Generators of the Principal Unit Group in Local Fields of Characteristic 0

Question

Let $p$ be a prime, $L$ be a finite, totally ramified-extension of $Q_p,$ and $U$ be the group of principal units in the ring of integers of $L.$ Then $U$ is a finitely generated $\mathbb{Z}_p$-module under exponentiation. I'm looking for an explicit set of generators for $U$ under this action; is there a resource where I can find this information?

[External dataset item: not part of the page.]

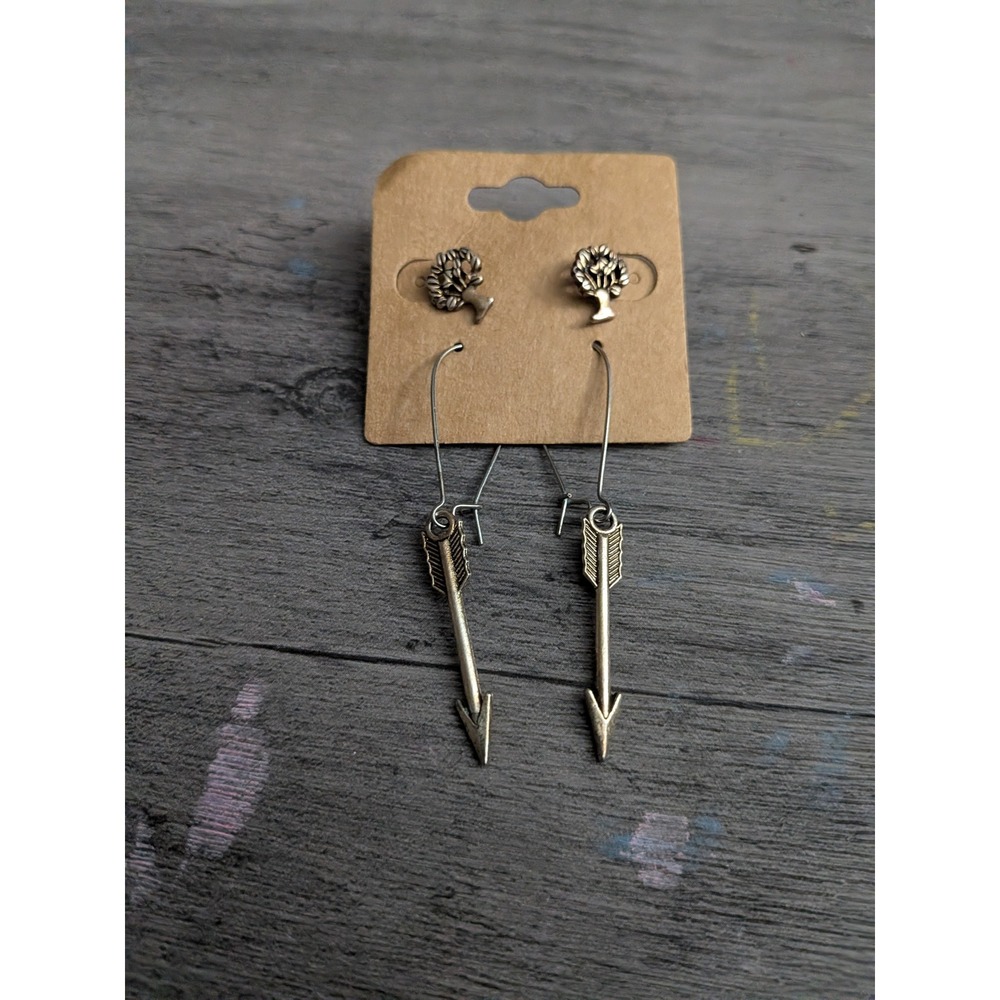 Silver Tone Tree Stud and Dangle Arrow Earring Set Boho Nature Jewelry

Thanks Robin but am I afraid I need more control on the set of generators. In particular, I'm interested if G is a set of generators of the value m = max {$v_L(g-1):g\in G$}

Answer 1

Well you can lift any set of generators for the finite group $U/U^p$ and they will be a set of generators of $U$. If $n$ is the degree of $L$ over $\mathbb{Q}_p$ then $U/U^p$ will have order $p^{n+1}$ or $p^n$ according to whether or not $L$ has the $p$-th roots of unity. Certainly there's a system of generators of the form $1+\pi^j$ for a certain set of positive integers $j$ where $\pi$ is a uniformizer. You choose each $j$ to be the next one such that $1+\pi^j$ is not in the group generated by $U^p$ and the previous generators.

Answer 2

Note that the $p$-adic logarithm gives a $\mathbb{Z}_p$-module homomorphism of $1+\mathfrak{m}_K$ into $\mathfrak{m}_K^{-e}$, where $e=[K:\mathbb{Q}_p]$ which has finite kernel (by compactness and discreteness). Since $\mathbb{Z}_p$ is Noetherian, this shows that $1+\mathfrak{m}_K$ is finitely generated. To find explicit generators, use the complex exponential to map generators of the image of $1+\mathfrak{m}_K$ back to $1+\mathfrak{m}_K$.